== Given information ==
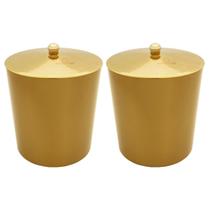 Kit 2 Lixeira 5 Litros Com Tampa Pino Metalizada Dourado Plástica Para Cozinha Banheiro - AMZ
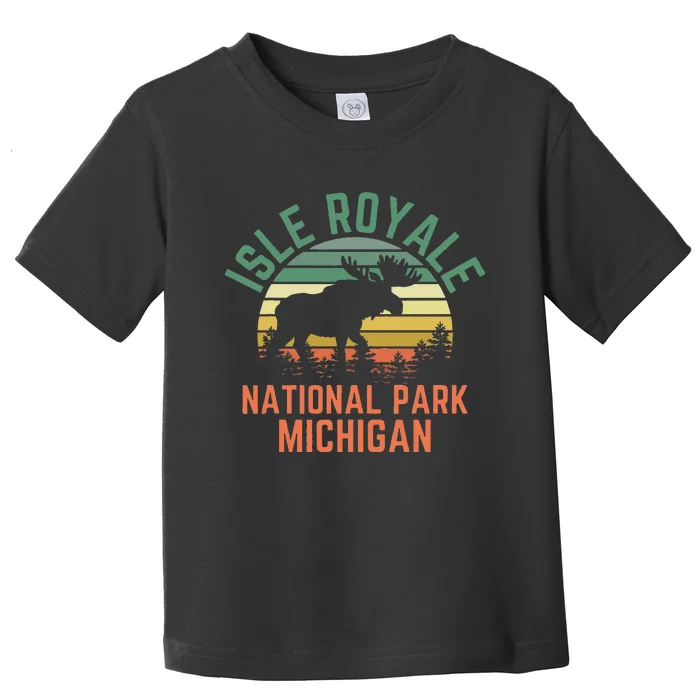 Isle Royale National Park Michigan Moose Hiking Nature Retro Toddler T-Shirt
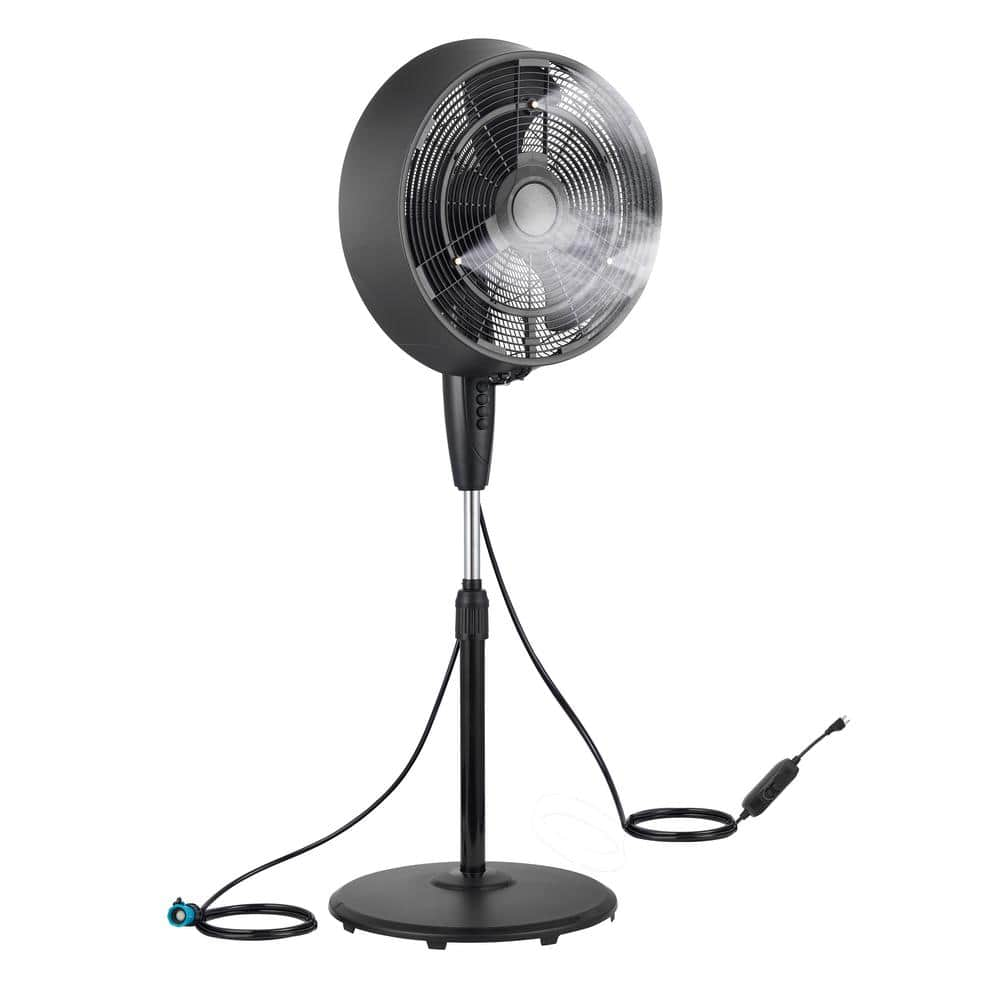 Pelonis 18 in. 3 Speeds Outdoor Misting Pedestal Fan in Black with 80° Oscillation 1600 CFM for up to 500 sq. ft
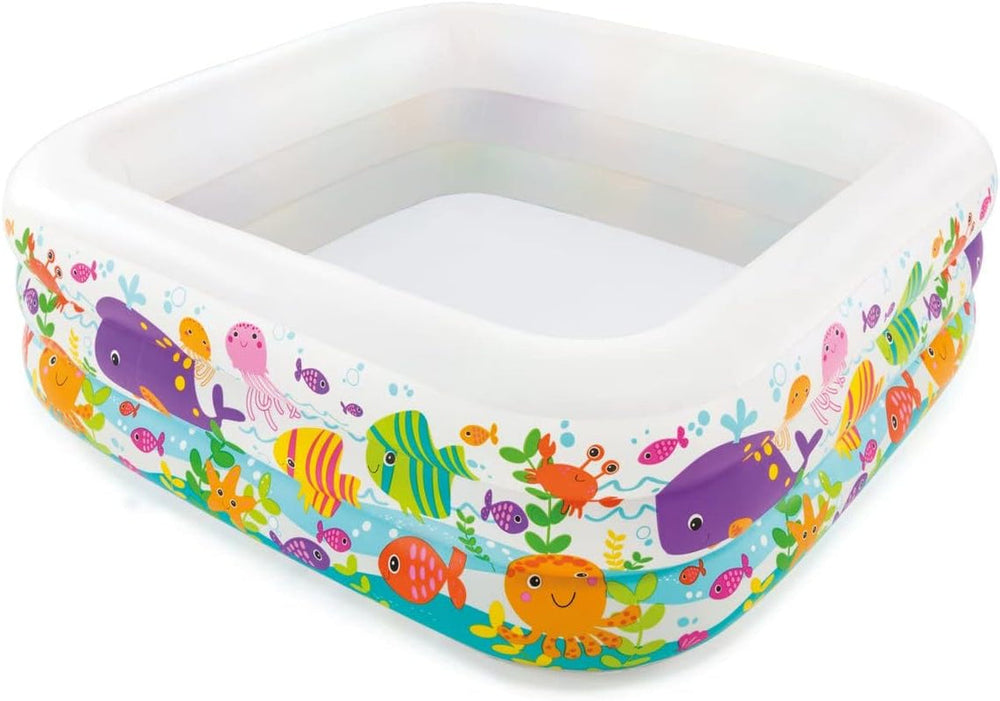 Intex 57471NP - Acvariu gonflabil, vinil, multicolor, 159x159x50 cm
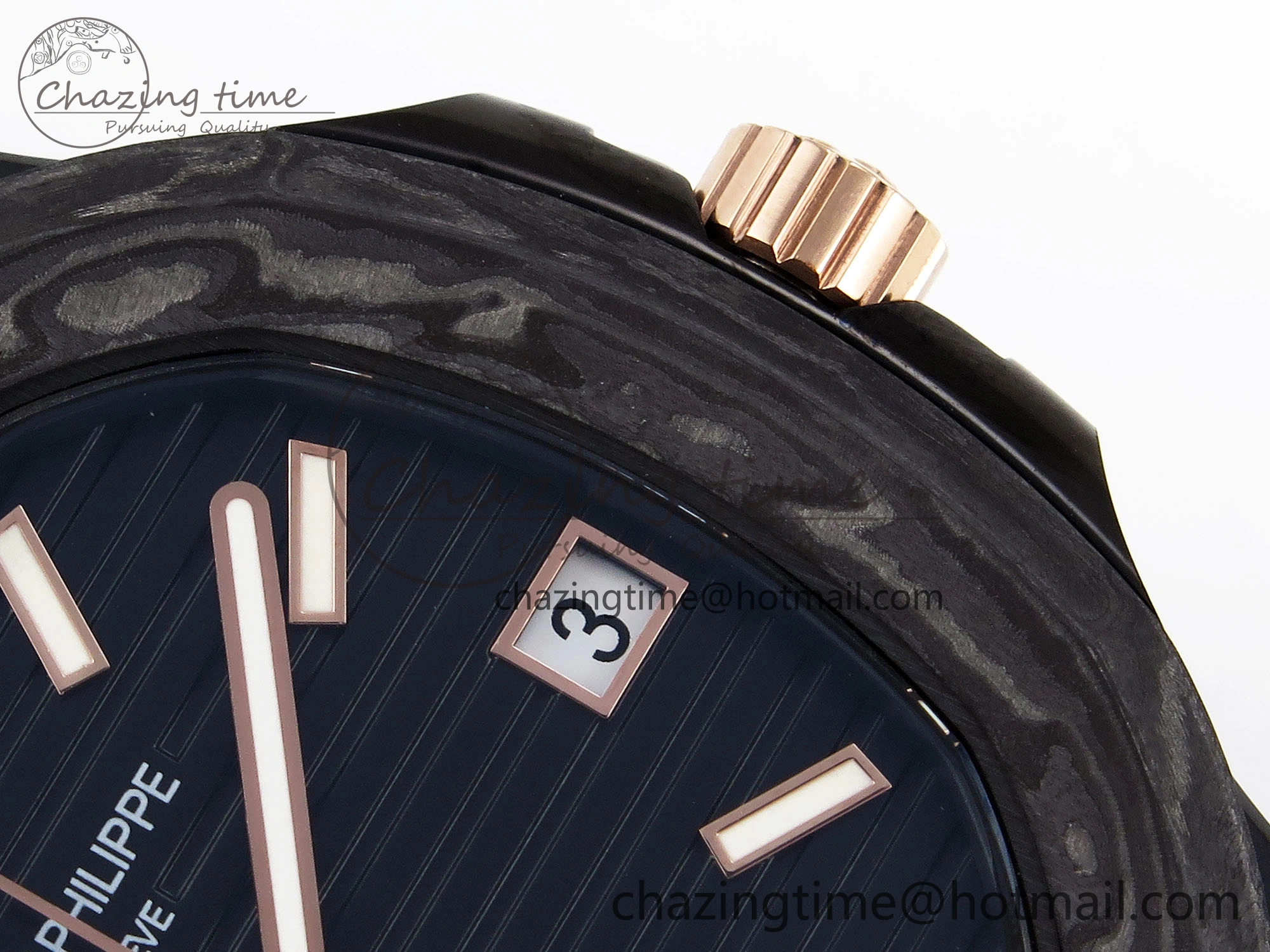 Nautilus 5711 DIW Carbon DIWF 1:1 Best Edition Black Textured Dial on Carbon RG Bracelet 324CS
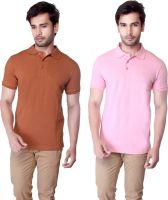 LUCfashion Solid Men's Polo Neck Brown, Pink T-Shirt(Pack of 2)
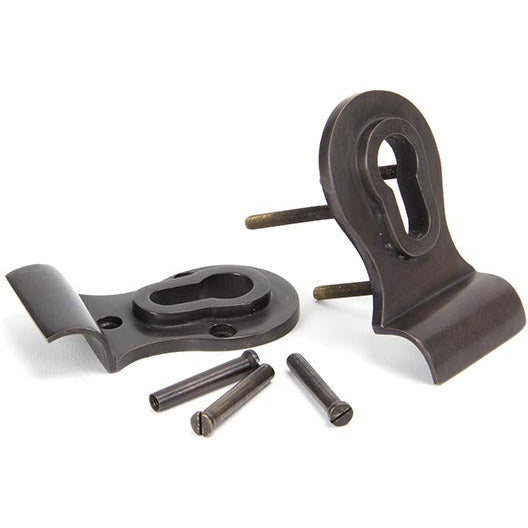 From The Anvil - 50mm Euro Door Pull (Back to Back fixings) - Aged Bronze - 90067 - Choice Handles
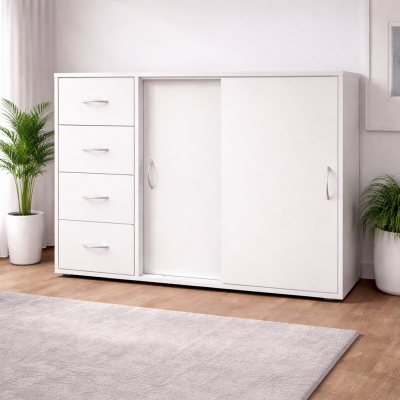 Zásuvková komoda PIA s policovou skříňkou. Bílá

== Problem to solve ==
From the records above, return exactly the lines running from the one that contains "Isle Royale National" down to the one that contains "Nautilus 5711 DIW", both included, without any pictures.

== Completed exercise ==
 Isle Royale National Park Michigan Moose Hiking Nature Retro Toddler T-Shirt
 Pelonis 18 in. 3 Speeds Outdoor Misting Pedestal Fan in Black with 80° Oscillation 1600 CFM for up to 500 sq. ft
 Intex 57471NP - Acvariu gonflabil, vinil, multicolor, 159x159x50 cm
 Nautilus 5711 DIW Carbon DIWF 1:1 Best Edition Black Textured Dial on Carbon RG Bracelet 324CS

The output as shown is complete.